Documentário inédito retrata a família Pereira, com três gerações de DJs
'Veraneio: Uma Antologia Negra' aborda passado, presente e futuro da dinastia musical com avô, filho e neto discotecários em São Paulo
Uma história que reverbera em tantas outras, assim é o caminho de Osvaldo Pereira, ou Seu Osvaldo, 91, o primeiro DJ do Brasil. Sua paixão pela música acendeu a mesma chama nos filhos, como em Dinho, e chegou aos netos, como em Jean, que seguem o ofício de discotecário.
O trio, e a família toda, é protagonista do documentário Veraneio: uma Antologia Negra, lançado com uma primeira exibição nesta quarta (18), no Matilha Cultural (com ingressos esgotados).
Dirigida por Nalu Silva, 29, da produtora Negras Primaveras, a obra vai além de narrar os passos do pioneiro. “A questão familiar é muito forte, e quis trazer isso das gerações. Nós, pessoas pretas, perdemos muito a memória dos nossos mais velhos. A grande missão desse filme é a preservação e a difusão da memória”, diz a diretora.

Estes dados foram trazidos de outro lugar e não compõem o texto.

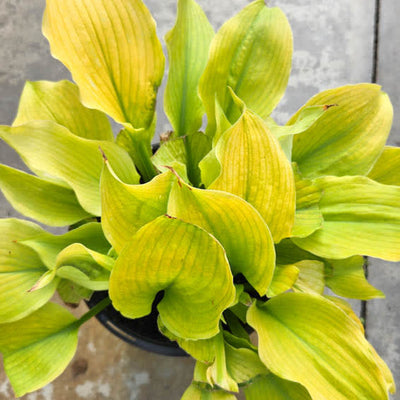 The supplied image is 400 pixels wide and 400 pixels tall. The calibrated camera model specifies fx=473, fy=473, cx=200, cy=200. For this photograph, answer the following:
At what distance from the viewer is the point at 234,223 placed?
0.41m

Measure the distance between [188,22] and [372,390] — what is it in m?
0.42

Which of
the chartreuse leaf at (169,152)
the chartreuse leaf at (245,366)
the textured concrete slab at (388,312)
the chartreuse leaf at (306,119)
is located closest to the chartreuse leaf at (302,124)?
the chartreuse leaf at (306,119)

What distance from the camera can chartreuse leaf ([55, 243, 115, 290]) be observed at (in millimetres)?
409

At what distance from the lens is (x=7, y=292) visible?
491mm

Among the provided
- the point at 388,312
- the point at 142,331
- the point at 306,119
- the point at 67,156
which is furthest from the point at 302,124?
the point at 388,312

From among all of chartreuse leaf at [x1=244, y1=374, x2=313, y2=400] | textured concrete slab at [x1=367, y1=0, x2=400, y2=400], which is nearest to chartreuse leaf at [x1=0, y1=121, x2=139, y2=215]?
chartreuse leaf at [x1=244, y1=374, x2=313, y2=400]

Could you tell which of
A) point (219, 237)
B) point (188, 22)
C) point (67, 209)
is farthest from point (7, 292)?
point (188, 22)

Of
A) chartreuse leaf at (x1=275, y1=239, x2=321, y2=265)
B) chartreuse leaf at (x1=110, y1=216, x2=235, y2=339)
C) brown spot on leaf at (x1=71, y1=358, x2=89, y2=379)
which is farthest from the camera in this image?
brown spot on leaf at (x1=71, y1=358, x2=89, y2=379)

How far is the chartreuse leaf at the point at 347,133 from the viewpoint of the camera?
Answer: 529 millimetres

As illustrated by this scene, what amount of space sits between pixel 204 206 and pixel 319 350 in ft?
0.58

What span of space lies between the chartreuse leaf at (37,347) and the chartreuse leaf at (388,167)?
1.33 ft

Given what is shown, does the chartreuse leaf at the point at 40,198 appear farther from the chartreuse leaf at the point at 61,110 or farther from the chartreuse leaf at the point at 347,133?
the chartreuse leaf at the point at 347,133

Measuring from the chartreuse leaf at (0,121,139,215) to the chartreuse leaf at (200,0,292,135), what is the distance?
12 centimetres

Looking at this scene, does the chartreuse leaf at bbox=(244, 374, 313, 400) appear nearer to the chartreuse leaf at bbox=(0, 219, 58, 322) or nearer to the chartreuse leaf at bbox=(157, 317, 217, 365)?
the chartreuse leaf at bbox=(157, 317, 217, 365) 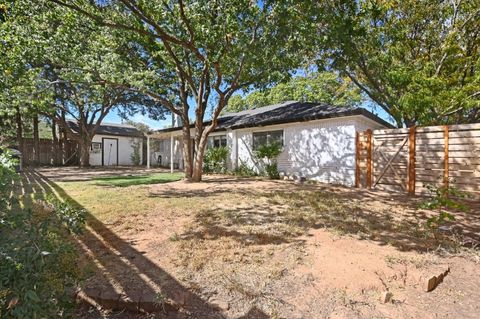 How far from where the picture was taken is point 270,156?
11797 millimetres

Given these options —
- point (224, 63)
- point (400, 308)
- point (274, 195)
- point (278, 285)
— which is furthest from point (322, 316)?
point (224, 63)

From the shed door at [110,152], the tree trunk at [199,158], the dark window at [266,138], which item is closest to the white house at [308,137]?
the dark window at [266,138]

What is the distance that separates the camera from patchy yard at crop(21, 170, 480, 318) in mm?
2438

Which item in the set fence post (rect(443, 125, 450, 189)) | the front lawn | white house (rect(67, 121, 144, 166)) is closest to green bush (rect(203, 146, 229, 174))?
the front lawn

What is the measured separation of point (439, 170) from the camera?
748 centimetres

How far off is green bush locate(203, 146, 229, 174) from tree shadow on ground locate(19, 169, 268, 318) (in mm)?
10181

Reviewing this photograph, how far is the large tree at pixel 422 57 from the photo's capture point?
8844 mm

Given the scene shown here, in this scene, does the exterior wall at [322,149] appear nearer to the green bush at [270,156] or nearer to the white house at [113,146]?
the green bush at [270,156]

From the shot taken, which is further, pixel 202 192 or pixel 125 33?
pixel 125 33

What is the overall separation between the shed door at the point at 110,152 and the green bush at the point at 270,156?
15382mm

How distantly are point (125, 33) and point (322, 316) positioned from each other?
10594 mm

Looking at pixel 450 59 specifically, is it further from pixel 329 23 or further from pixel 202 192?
pixel 202 192

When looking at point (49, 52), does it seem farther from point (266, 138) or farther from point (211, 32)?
point (266, 138)

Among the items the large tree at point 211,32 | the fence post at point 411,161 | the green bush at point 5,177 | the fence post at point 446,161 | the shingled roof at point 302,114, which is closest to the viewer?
the green bush at point 5,177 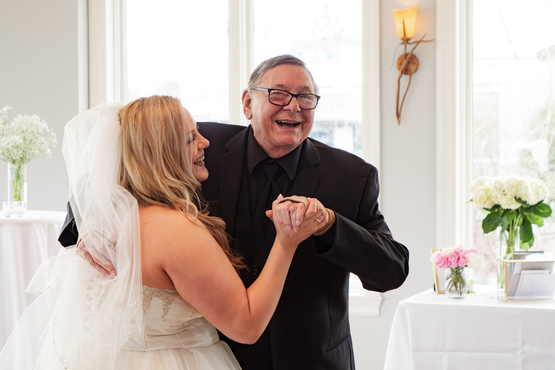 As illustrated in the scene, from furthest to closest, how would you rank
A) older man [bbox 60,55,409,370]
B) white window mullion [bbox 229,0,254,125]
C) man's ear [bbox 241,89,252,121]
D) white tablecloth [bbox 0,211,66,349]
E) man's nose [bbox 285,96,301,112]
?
white window mullion [bbox 229,0,254,125]
white tablecloth [bbox 0,211,66,349]
man's ear [bbox 241,89,252,121]
man's nose [bbox 285,96,301,112]
older man [bbox 60,55,409,370]

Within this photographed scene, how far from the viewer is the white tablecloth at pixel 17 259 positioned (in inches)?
99.9

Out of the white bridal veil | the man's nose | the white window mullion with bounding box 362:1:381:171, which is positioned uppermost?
the white window mullion with bounding box 362:1:381:171

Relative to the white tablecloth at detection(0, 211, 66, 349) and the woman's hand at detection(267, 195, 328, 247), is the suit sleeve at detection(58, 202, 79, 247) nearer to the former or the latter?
the woman's hand at detection(267, 195, 328, 247)

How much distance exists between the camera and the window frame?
3.38 metres

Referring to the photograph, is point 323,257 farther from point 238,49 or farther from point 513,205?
point 238,49

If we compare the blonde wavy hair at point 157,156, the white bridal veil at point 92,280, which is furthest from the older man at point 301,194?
the white bridal veil at point 92,280

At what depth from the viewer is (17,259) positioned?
2584mm

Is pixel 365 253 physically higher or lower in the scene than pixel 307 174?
lower

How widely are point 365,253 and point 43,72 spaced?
11.4 feet

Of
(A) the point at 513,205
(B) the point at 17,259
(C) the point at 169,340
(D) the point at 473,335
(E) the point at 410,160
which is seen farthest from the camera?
(E) the point at 410,160

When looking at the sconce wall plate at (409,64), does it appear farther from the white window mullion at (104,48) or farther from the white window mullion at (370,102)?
the white window mullion at (104,48)

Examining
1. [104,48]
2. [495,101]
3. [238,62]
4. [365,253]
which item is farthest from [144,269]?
[104,48]

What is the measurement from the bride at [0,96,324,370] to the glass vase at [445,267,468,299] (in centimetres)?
146

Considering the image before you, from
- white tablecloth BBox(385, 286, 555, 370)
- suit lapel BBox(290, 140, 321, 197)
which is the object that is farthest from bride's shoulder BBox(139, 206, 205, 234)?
white tablecloth BBox(385, 286, 555, 370) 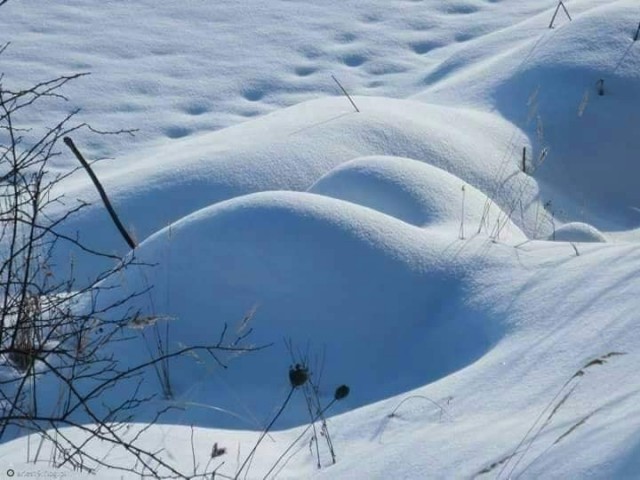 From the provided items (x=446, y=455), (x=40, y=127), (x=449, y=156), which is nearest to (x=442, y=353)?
(x=446, y=455)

A semente que germina até hoje na família Pereira foi plantada ainda nos anos 50, quando Osvaldo, nascido em Minas Gerais e curioso pelo rádio, veio para a capital paulista estudar eletrônica.
Instalado na Zona Norte, começou a trabalhar na região da Santa Ifigênia, em uma loja de discos que também fazia a manutenção de equipamentos sonoros importados. “Com o trabalho de técnico e instalador de som na casa das pessoas, ele começa a observar os bons sistemas. E criou o dele, que sonorizava bailes e festinhas, principalmente na ZN e de pessoas pretas”, conta o neto Jean, 21.

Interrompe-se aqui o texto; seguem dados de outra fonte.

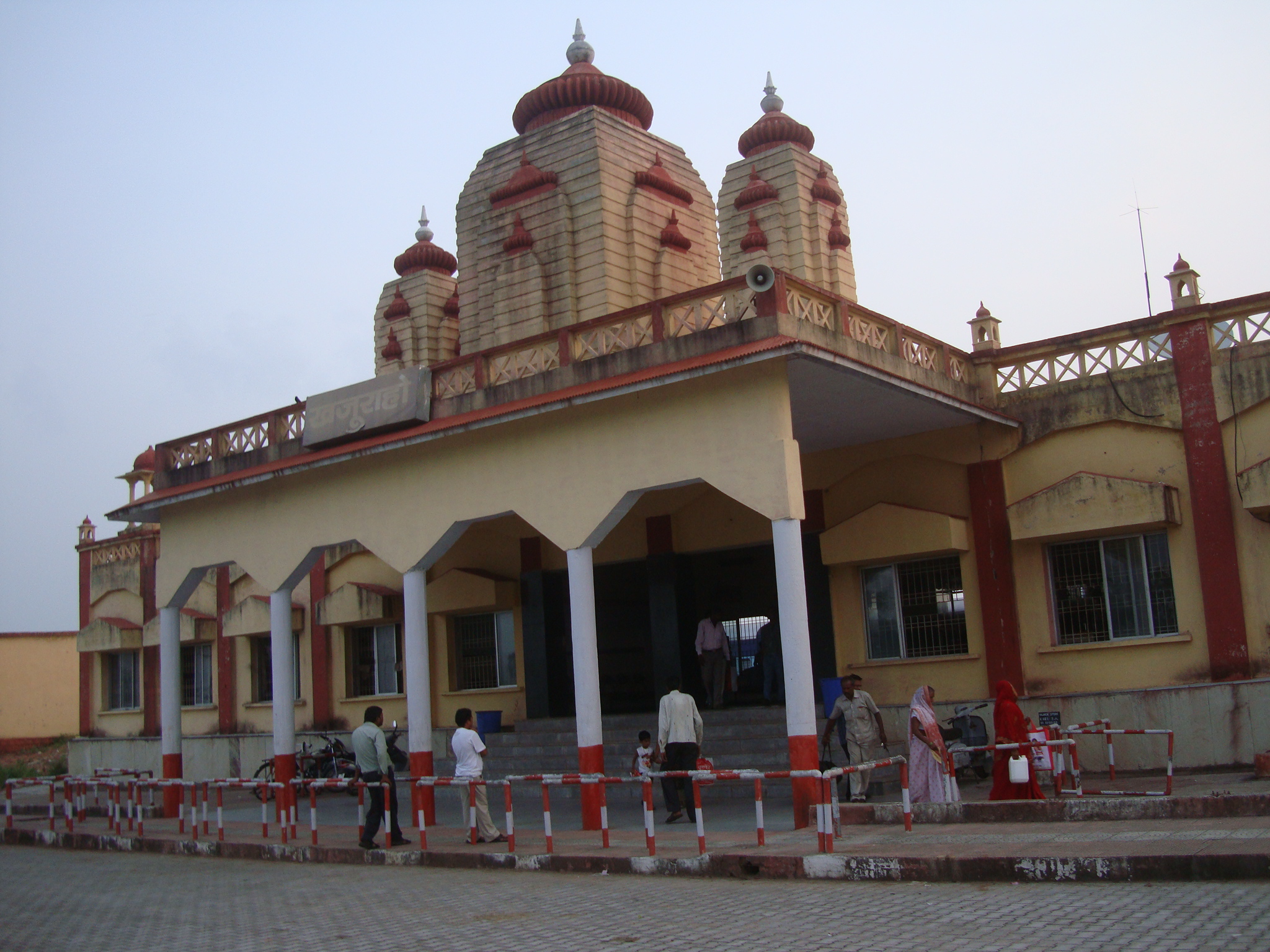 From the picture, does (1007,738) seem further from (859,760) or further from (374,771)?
(374,771)

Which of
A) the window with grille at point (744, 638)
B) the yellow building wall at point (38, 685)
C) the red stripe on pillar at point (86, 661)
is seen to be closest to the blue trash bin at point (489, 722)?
the window with grille at point (744, 638)

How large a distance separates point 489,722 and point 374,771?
271 inches

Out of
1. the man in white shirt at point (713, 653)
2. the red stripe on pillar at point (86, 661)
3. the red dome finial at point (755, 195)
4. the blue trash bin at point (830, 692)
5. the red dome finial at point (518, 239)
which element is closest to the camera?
the blue trash bin at point (830, 692)

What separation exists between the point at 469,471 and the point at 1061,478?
755cm

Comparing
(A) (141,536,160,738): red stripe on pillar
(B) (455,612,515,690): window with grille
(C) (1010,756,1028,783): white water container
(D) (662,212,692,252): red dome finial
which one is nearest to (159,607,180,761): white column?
(B) (455,612,515,690): window with grille

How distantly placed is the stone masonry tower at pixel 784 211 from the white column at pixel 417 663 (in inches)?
347

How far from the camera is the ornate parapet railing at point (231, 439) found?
16531 mm

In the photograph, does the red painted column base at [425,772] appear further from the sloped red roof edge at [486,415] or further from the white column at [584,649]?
the sloped red roof edge at [486,415]

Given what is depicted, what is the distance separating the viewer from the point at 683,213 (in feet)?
66.9

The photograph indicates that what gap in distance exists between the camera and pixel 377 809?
1195 centimetres

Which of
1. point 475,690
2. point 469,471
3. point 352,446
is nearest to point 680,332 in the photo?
point 469,471

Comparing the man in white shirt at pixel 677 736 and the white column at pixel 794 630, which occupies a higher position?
the white column at pixel 794 630

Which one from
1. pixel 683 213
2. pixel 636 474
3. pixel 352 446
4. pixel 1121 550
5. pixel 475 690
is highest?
pixel 683 213

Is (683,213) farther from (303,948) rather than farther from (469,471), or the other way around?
(303,948) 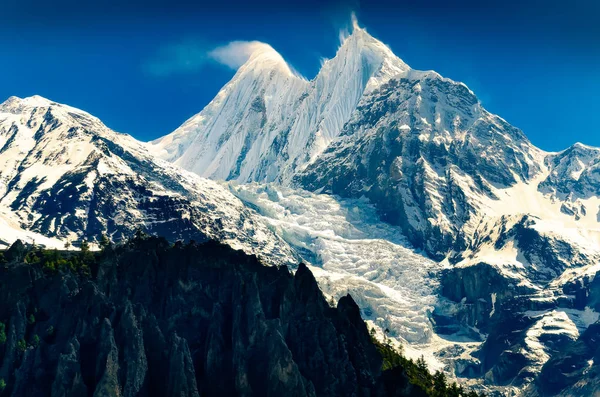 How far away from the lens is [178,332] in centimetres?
17750

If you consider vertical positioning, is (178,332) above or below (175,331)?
above

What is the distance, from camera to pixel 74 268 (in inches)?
7579

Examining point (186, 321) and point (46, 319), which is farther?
point (186, 321)

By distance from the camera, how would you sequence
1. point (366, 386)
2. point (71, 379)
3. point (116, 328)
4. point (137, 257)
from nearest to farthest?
1. point (71, 379)
2. point (116, 328)
3. point (366, 386)
4. point (137, 257)

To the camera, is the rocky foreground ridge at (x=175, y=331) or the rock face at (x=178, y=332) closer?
the rock face at (x=178, y=332)

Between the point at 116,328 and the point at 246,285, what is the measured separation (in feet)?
105

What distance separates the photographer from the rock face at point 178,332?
154500mm

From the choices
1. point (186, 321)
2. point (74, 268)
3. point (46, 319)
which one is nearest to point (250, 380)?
point (186, 321)

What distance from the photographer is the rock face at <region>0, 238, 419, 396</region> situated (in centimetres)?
15450

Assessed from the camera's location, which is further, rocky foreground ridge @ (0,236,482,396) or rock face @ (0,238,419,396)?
rocky foreground ridge @ (0,236,482,396)

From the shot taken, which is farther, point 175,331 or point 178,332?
point 178,332

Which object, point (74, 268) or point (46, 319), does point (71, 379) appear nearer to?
point (46, 319)

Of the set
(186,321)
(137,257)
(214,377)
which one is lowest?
(214,377)

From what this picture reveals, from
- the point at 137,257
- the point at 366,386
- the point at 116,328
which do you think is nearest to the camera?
the point at 116,328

Em 1958, após levar sua invenção para eventos na região central, em lugares como o Edifício Martinelli e a Casa do Povo, Osvaldo cria a Orquestra Invisível Let’s Dance — com as cortinas fechadas, tocava discos na vitrola, sonorizados pelo seu equipamento, como se ali estivesse uma das big bands que agitavam os bailes da época.

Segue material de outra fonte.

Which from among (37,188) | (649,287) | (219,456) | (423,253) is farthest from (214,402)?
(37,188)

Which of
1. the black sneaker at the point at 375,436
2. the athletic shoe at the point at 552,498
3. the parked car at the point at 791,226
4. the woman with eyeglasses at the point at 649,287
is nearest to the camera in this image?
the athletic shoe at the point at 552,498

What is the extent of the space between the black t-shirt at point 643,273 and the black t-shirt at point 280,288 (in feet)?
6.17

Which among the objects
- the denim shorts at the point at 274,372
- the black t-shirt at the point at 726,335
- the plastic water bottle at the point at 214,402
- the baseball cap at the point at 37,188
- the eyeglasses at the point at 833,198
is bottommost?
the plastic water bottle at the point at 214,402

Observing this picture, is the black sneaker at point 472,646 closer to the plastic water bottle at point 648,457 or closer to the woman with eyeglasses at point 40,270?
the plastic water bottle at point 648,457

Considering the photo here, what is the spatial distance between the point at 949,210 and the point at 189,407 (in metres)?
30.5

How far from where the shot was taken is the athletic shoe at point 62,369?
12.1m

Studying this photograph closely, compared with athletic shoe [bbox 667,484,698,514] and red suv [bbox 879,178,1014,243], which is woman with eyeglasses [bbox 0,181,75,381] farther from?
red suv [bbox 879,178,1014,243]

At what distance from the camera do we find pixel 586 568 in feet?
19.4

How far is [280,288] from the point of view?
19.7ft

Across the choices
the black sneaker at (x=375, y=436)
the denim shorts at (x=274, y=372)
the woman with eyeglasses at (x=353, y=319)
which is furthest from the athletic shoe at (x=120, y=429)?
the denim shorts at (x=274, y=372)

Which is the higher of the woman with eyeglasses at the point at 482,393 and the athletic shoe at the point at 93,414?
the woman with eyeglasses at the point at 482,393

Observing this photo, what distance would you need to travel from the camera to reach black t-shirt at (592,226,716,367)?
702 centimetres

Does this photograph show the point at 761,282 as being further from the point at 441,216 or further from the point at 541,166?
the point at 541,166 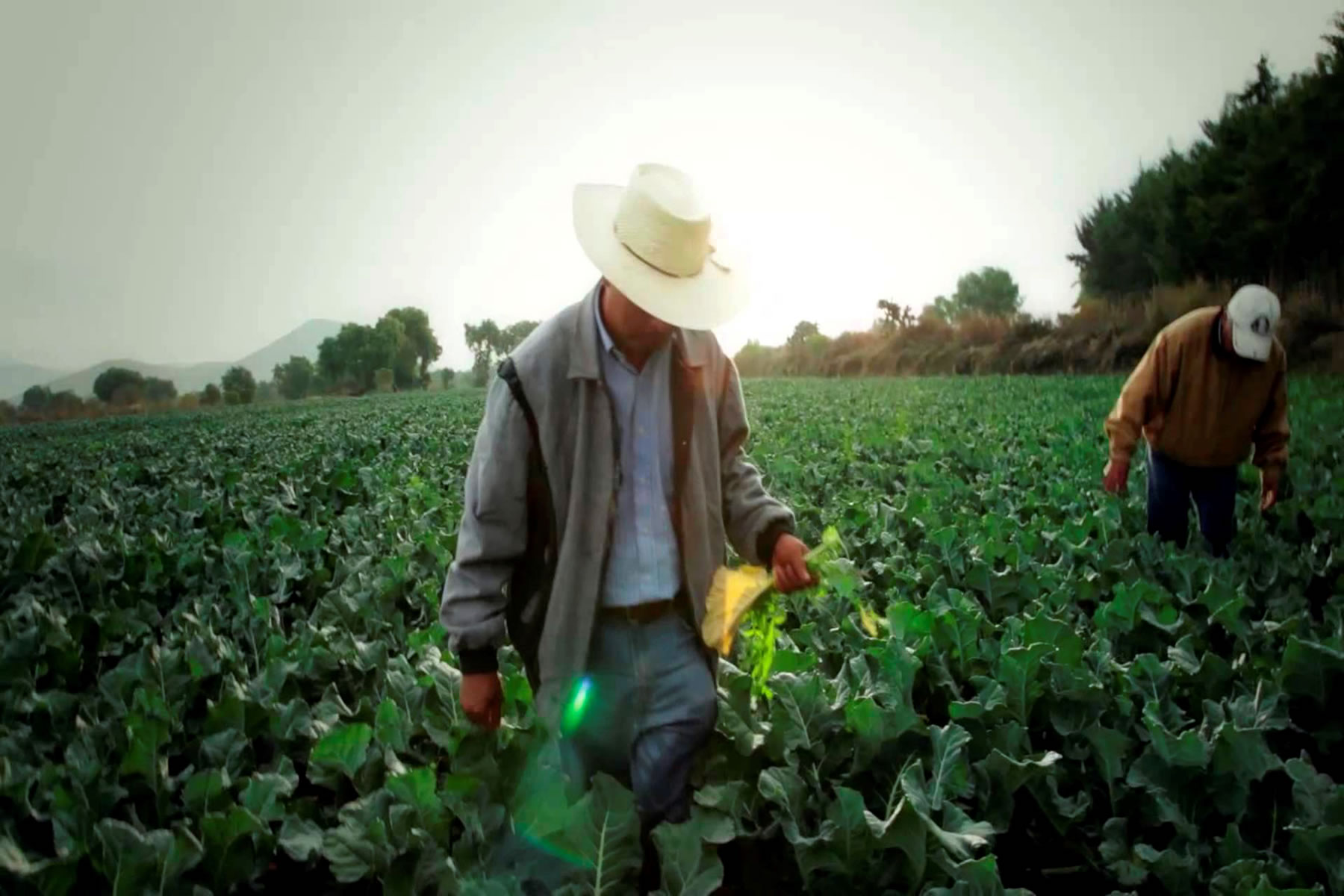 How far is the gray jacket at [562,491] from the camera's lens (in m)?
2.05

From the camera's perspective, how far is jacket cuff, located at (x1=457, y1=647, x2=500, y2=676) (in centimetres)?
209

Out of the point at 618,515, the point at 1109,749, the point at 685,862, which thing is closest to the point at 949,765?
the point at 1109,749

“O pessoal se surpreendia quando abria a cortina e via que tinha só uma pessoa com o toca-discos e um sistema de som. Foi tudo por amor à música”, explica Dinho, 52. Nomes como Glenn Miller, Ray Charles, Elza Soares e Miltinho figuravam na trilha sonora das festas, que aconteceram até o fim dos anos 60. “Ele começou a trabalhar na multinacional Philco e, antes, se desmotivou, teve filhos, e também surgia uma cena com outras pessoas naquele período”, justifica.
Profundos conhecedores de música, Dinho e Jean, pai e filho, formam uma dupla e tanto. Juntos, fundaram a Veraneio São Paulo, festa que, desde 2022, ocupa diferentes casas, bares e festivais pela cidade — como o Coala, há duas semanas.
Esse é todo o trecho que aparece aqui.